The Building and Shaping of Reality
Scientific research is similar to building an infinite mansion, with one discovery building on top of another. Goel goes back in time to 1920, around the time Neils Bohr discovered that the electron revolves around the nucleus of an atom. This idea was revolutionary in and of itself, but it wasn’t long before this idea transferred to our concept of the solar system and the now accepted hypothesis that planets, like electrons, rotate around the sun, their nucleus.
How does these parallel ideas occur? “We don’t know”, says Ashok, “but when we started building machines, we started to understand the phenomenal processes…the deep insight was that maybe it’s not features of objects that matter as much as relationships between objects”. As we build machines and programs, we can begin to understand similarities that exist in other structures – like our minds. Making analogies to make leaps in one’s own insights is an oft sited ability of visionaries across fields.
The field of biomimicry, for example, encourages designers to look at nature for the design idea. “There are so many buildings constructed with the same problem, how to get water hundreds of feet high,” muses Goel.
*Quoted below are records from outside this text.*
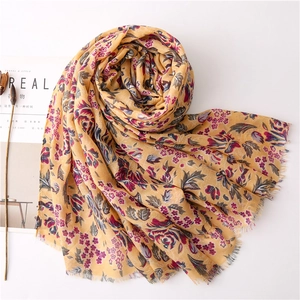 Floral print lightweight scarf in ginger yellow with small red flowers and frayed edges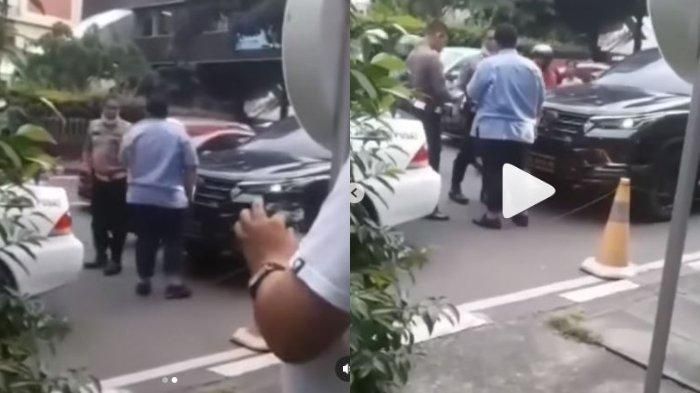 Polisi menghentikan Toyota Fortuner berpelat dinas Polri 3213-15 lengkap dengan strobo, sopir bertubuh subur dimasukan mobil patroli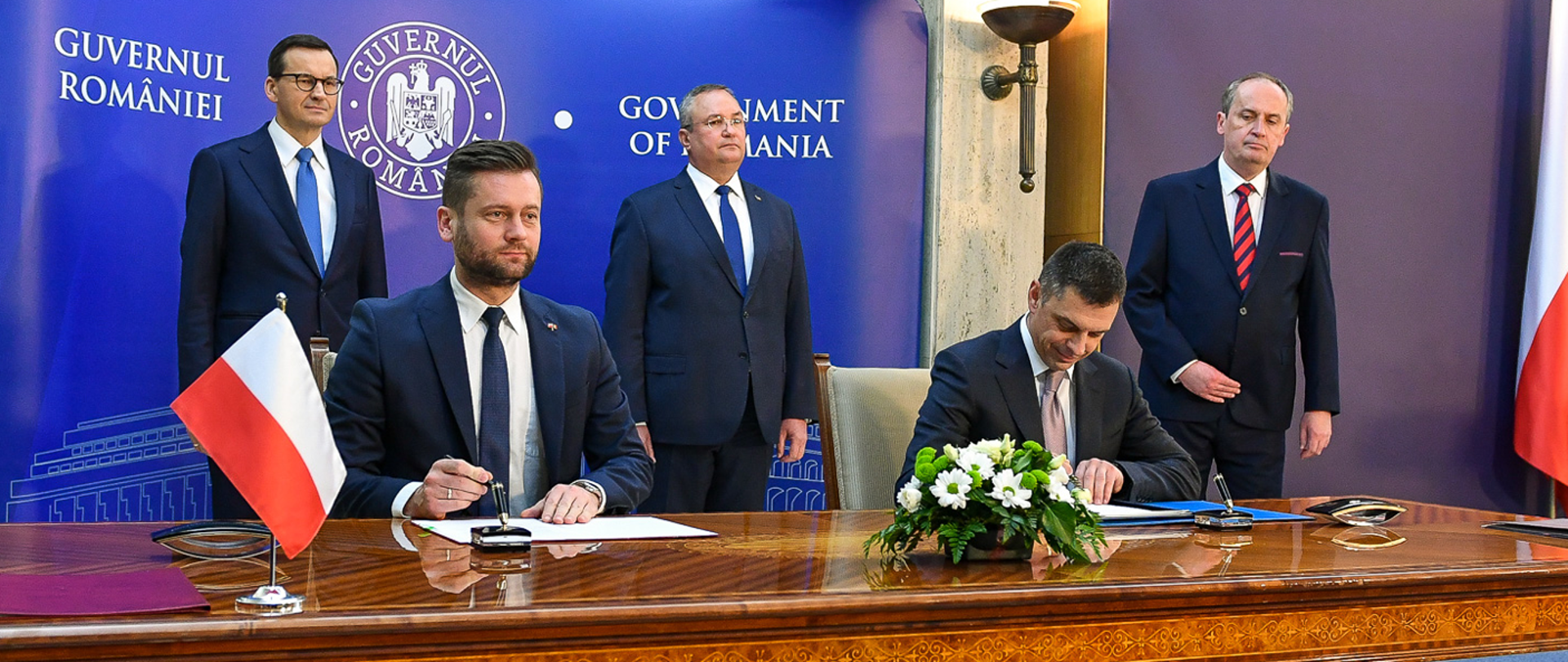 Minister Bortniczuk wziął udział w polsko-rumuńskich konsultacjach międzyrządowych, zdj. MON; ministrowie ds. sportu Polski i Rumunii siedzą przy stole i podpisują memorandum w dziedzinie sportu; za ich plecami stoją premierzy rządów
Most buildings use electromechanical systems to get water up, but no one looks at how redwood trees do it. “If only we could build similar systems of transpiration, we could build new kinds of buildings,” Ashok muses. Like biomimicry and other scientific fields, AI researchers often write programs in the lab that make analogies of a similar kind, transferring ideas from nature that allow us to build better technology.
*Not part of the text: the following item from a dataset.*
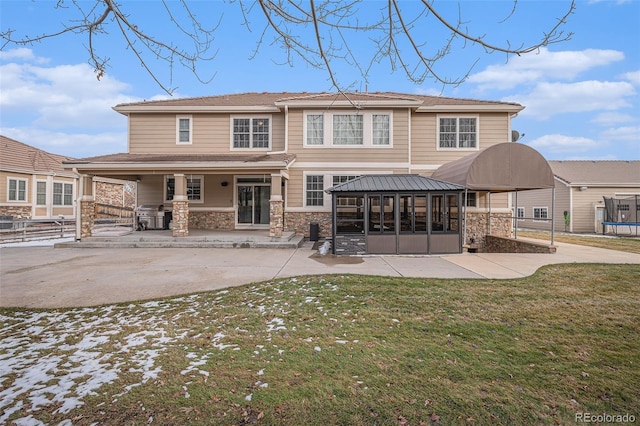 back of property featuring a yard, a trampoline, and a patio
The Frontier of Cognitive Systems
Two of the most recent groundbreaking technologies in cognitive systems are known by (we can almost assume by all) listeners i.e. Apple’s Siri and IBM’s Watson. “Siri is an excellent example of a cognitive system”, states Ashok, “and it’s all things – centered, -leveled (in terms of language), -like – not all aspects, but some”. Siri has a relatively pleasant female voice, for example, far less androgynous than computer voices of yesteryears. Though many humans harbor a love-hate relationship with Siri, it’s still a powerful program that can, in near real-time, find answers to a human’s spontaneous questions.
Another example is IBM’s Watson, which has access to multiple data sources. Ask any question and it will give you an answer. Once again, Watson embodies some elements of each human reference. One aspect of particular importance that these systems have in common is that both use not one method of a solving problem, but multiple approaches. “This is what cognitive systems have been saying for a long time…intelligence does not occur from one magical network, but instead emerges out of interaction of many capabilities and combines to make sense of situations,” explains Goel.
It might seem somewhat reasonable to have a machine that thinks about things in a particular way, but then again there are so many ways that we as humans think. Cognitive systems need to have such a degree of complexity if ever want them to have the full human-centric experience.
As for the future? Per usual, predicting is a difficult venture (risky, but necessary), but on a broad level Ashok sees three lines of research in cognitive systems that he believes will be productive in the coming decade: meta-thinking; visual thinking; and the development and integration of emotions, ethics, and intelligence.
It seems likely that by making strides in these areas of AI, we’ll build machines that help us to better understand these connections in human beings.